* _Material to process_:
_ _ _ _ _ _ _

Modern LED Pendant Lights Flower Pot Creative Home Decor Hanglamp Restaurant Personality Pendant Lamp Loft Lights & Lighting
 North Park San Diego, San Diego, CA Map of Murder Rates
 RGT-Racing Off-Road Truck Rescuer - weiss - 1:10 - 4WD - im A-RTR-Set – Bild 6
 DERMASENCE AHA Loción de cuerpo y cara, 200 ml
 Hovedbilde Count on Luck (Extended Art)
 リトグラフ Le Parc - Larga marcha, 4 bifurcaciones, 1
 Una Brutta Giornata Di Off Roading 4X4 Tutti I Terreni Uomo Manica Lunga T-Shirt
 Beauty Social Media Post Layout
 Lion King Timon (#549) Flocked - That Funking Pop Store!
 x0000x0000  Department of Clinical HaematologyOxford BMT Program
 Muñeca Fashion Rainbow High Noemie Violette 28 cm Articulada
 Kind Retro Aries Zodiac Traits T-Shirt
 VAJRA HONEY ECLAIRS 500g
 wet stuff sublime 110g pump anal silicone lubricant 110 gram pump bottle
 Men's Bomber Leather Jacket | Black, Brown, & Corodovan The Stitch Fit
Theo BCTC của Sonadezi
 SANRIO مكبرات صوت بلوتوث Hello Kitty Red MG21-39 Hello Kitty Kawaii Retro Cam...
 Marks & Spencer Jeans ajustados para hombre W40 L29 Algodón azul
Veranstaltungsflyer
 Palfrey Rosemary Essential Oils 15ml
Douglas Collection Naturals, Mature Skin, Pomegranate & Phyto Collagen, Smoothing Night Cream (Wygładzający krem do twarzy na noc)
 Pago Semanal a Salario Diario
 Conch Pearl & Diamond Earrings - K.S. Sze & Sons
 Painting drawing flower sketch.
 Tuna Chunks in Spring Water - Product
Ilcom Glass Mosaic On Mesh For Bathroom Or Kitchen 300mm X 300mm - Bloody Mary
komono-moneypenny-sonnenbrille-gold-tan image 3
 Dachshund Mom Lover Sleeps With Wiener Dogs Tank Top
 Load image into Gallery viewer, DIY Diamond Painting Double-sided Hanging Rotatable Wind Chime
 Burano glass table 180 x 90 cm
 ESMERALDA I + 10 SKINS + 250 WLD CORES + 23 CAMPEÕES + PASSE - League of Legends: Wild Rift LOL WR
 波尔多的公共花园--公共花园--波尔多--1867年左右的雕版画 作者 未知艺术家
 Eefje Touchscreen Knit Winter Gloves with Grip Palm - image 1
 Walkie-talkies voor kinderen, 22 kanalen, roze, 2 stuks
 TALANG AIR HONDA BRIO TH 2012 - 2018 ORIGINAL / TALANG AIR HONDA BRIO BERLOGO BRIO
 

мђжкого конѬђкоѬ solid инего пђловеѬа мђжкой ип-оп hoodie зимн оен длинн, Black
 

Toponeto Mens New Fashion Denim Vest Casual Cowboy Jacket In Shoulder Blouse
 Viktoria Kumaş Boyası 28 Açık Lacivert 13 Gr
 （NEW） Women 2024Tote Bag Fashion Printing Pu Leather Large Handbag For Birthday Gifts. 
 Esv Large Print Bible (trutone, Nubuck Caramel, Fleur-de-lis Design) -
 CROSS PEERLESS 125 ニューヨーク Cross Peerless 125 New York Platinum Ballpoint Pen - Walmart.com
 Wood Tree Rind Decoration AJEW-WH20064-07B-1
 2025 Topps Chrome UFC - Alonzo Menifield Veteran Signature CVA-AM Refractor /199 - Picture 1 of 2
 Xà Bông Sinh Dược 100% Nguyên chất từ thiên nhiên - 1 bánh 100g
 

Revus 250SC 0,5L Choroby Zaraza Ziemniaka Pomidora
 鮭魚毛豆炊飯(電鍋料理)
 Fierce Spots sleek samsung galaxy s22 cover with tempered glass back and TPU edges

_ _ _ _ _ _ _

* _Work instructions_: The entries above are to be retyped exactly, with nothing left out.

* _Answer to this problem_:
Modern LED Pendant Lights Flower Pot Creative Home Decor Hanglamp Restaurant Personality Pendant Lamp Loft Lights & Lighting
 North Park San Diego, San Diego, CA Map of Murder Rates
 RGT-Racing Off-Road Truck Rescuer - weiss - 1:10 - 4WD - im A-RTR-Set – Bild 6
 DERMASENCE AHA Loción de cuerpo y cara, 200 ml
 Hovedbilde Count on Luck (Extended Art)
 リトグラフ Le Parc - Larga marcha, 4 bifurcaciones, 1
 Una Brutta Giornata Di Off Roading 4X4 Tutti I Terreni Uomo Manica Lunga T-Shirt
 Beauty Social Media Post Layout
 Lion King Timon (#549) Flocked - That Funking Pop Store!
 x0000x0000  Department of Clinical HaematologyOxford BMT Program
 Muñeca Fashion Rainbow High Noemie Violette 28 cm Articulada
 Kind Retro Aries Zodiac Traits T-Shirt
 VAJRA HONEY ECLAIRS 500g
 wet stuff sublime 110g pump anal silicone lubricant 110 gram pump bottle
 Men's Bomber Leather Jacket | Black, Brown, & Corodovan The Stitch Fit
Theo BCTC của Sonadezi
 SANRIO مكبرات صوت بلوتوث Hello Kitty Red MG21-39 Hello Kitty Kawaii Retro Cam...
 Marks & Spencer Jeans ajustados para hombre W40 L29 Algodón azul
Veranstaltungsflyer
 Palfrey Rosemary Essential Oils 15ml
Douglas Collection Naturals, Mature Skin, Pomegranate & Phyto Collagen, Smoothing Night Cream (Wygładzający krem do twarzy na noc)
 Pago Semanal a Salario Diario
 Conch Pearl & Diamond Earrings - K.S. Sze & Sons
 Painting drawing flower sketch.
 Tuna Chunks in Spring Water - Product
Ilcom Glass Mosaic On Mesh For Bathroom Or Kitchen 300mm X 300mm - Bloody Mary
komono-moneypenny-sonnenbrille-gold-tan image 3
 Dachshund Mom Lover Sleeps With Wiener Dogs Tank Top
 Load image into Gallery viewer, DIY Diamond Painting Double-sided Hanging Rotatable Wind Chime
 Burano glass table 180 x 90 cm
 ESMERALDA I + 10 SKINS + 250 WLD CORES + 23 CAMPEÕES + PASSE - League of Legends: Wild Rift LOL WR
 波尔多的公共花园--公共花园--波尔多--1867年左右的雕版画 作者 未知艺术家
 Eefje Touchscreen Knit Winter Gloves with Grip Palm - image 1
 Walkie-talkies voor kinderen, 22 kanalen, roze, 2 stuks
 TALANG AIR HONDA BRIO TH 2012 - 2018 ORIGINAL / TALANG AIR HONDA BRIO BERLOGO BRIO
 

мђжкого конѬђкоѬ solid инего пђловеѬа мђжкой ип-оп hoodie зимн оен длинн, Black
 

Toponeto Mens New Fashion Denim Vest Casual Cowboy Jacket In Shoulder Blouse
 Viktoria Kumaş Boyası 28 Açık Lacivert 13 Gr
 （NEW） Women 2024Tote Bag Fashion Printing Pu Leather Large Handbag For Birthday Gifts. 
 Esv Large Print Bible (trutone, Nubuck Caramel, Fleur-de-lis Design) -
 CROSS PEERLESS 125 ニューヨーク Cross Peerless 125 New York Platinum Ballpoint Pen - Walmart.com
 Wood Tree Rind Decoration AJEW-WH20064-07B-1
 2025 Topps Chrome UFC - Alonzo Menifield Veteran Signature CVA-AM Refractor /199 - Picture 1 of 2
 Xà Bông Sinh Dược 100% Nguyên chất từ thiên nhiên - 1 bánh 100g
 

Revus 250SC 0,5L Choroby Zaraza Ziemniaka Pomidora
 鮭魚毛豆炊飯(電鍋料理)
 Fierce Spots sleek samsung galaxy s22 cover with tempered glass back and TPU edges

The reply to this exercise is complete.